> [Data]
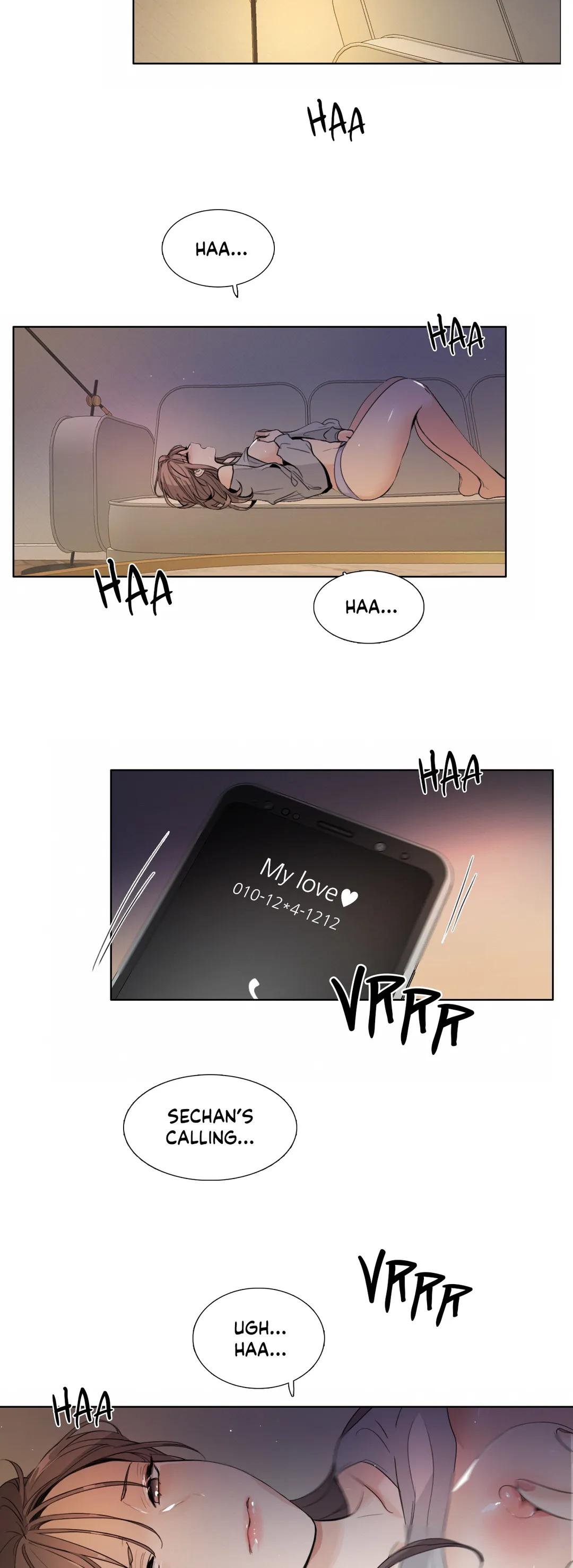 Page 33 of Chapter 121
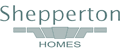 Shepp-Homes.gif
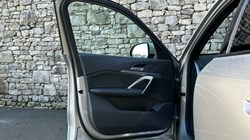 2024 (24) BMW X1 xDrive 23i MHT M Sport 5dr 5911401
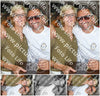 Evenement foto: 312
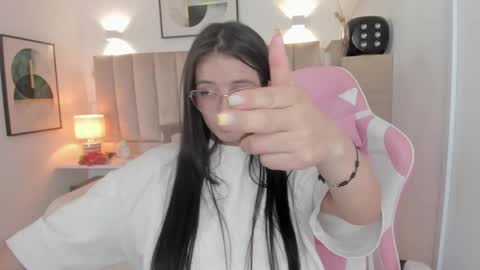 haathorx online show from September 27, 2025, 1:10 am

> [Task directions] Make an exact copy of the listing above, omitting the pictures.

> [Completed exercise]
 Page 33 of Chapter 121
 Shepp-Homes.gif
 2024 (24) BMW X1 xDrive 23i MHT M Sport 5dr 5911401
 Evenement foto: 312
 haathorx online show from September 27, 2025, 1:10 am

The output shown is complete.